|
Results
and Discussion
The result of the
statistical tests completed using the samples of data obtained from the two
different types of questionnaires yielded six significant results on
questions/statements one, two, three, five, eleven, and fourteen. The p-values
for the t-tests of these questions/statements all fell below the conventional
p-value of 0.05 needed in order to be considered significant (see Table
1). This means that the differences between those questions mentioned have a
low probability (less than a five percent chance) of being the result of chance
variation but rather are most likely due to differences in the
questions/statements themselves.
In regard to
question one, the difference between the two questions is the scale on which
subjects were asked to respond. In one case, the scale was zero to twenty
whereas in the other case the scale was negative ten to positive ten (see Appendices
A & B). We predicted that the responses on the zero to twenty scale
would be more moderate than the answer on the negative ten to ten scale. The
reason being that negative ten sounds more extreme in terms of its negative
connotations than does zero. This idea was supported as the mean for
questionnaire 1 (with scale zero to twenty) was 11.45 while the mean for
questionnaire 2 was 8.64 (the value was originally -1.36 but was adjusted by +10
in order to be compared on the same scale as questionnaire 1; see Table
1 for more data). A t-test yielded significant results (t (123) = 2.12, p =
0.04). This indicates that people tended to answer that Native Americans were
treated worse on questionnaire 2, with the negative ten to ten scale.
Statement
number two on both questionnaires was identical except for the fact that one was
the negative form of the other. Therefore all the data that was obtained from
questionnaire 1 (see Appendix A) was
inverted, that is to say all “1’s” were converted to “5’s”, all
“2’s” to “4’s”, all “4’s” to “2’s”, and all “5’s”
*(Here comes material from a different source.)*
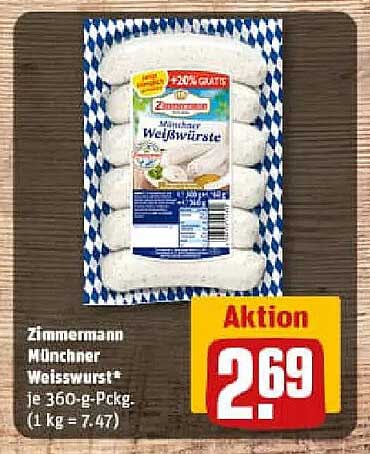 Zimmermann Münchner Weißwürste 360 g - nur 2,69 €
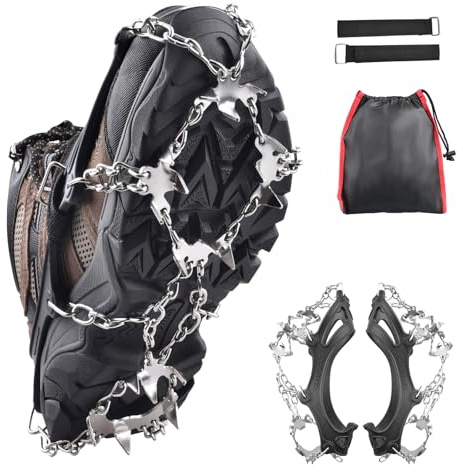 TRIWONDER Crampons for Boots Shoes Traction Ice Cleats Snow Grips Anti Slip Stainless Steel Micro Spikes for Hiking Fishing Walking Climbing Jogging Mountaineering (18 Spikes, Medium)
to “1’s” while “3’s” were not altered. This was done so that the two
data sets could be compared statistically. We were not sure what the effect this
wording difference would have, but we predicted the significant difference that
made itself apparent (t (125) = -1.28, p = 0.003). It turned out that the in
regard to the positive form of the question (in questionnaire 2; see Appendix
B), students tended to say that teachers should be required to report such
information (the mean was 3.48) while on the negative form, students tended to
say this less so (the inverted mean was 2.81; the original mean was 3.19 and
5.00 - 3.19 = 2.81 (see Table 1). This
might be because in the positive version, the students were not considering the
teacher’s need to respect statements said in confidence, but rather they were
considering the danger the student posed to himself and others. Conversely, in
the negative version, the right of the teacher to “not” have to do something
was most likely given more importance. If someone were given a choice between
being required to do something or not being allowed to do the opposite of that
something, they would probably tend to choose being required to do something.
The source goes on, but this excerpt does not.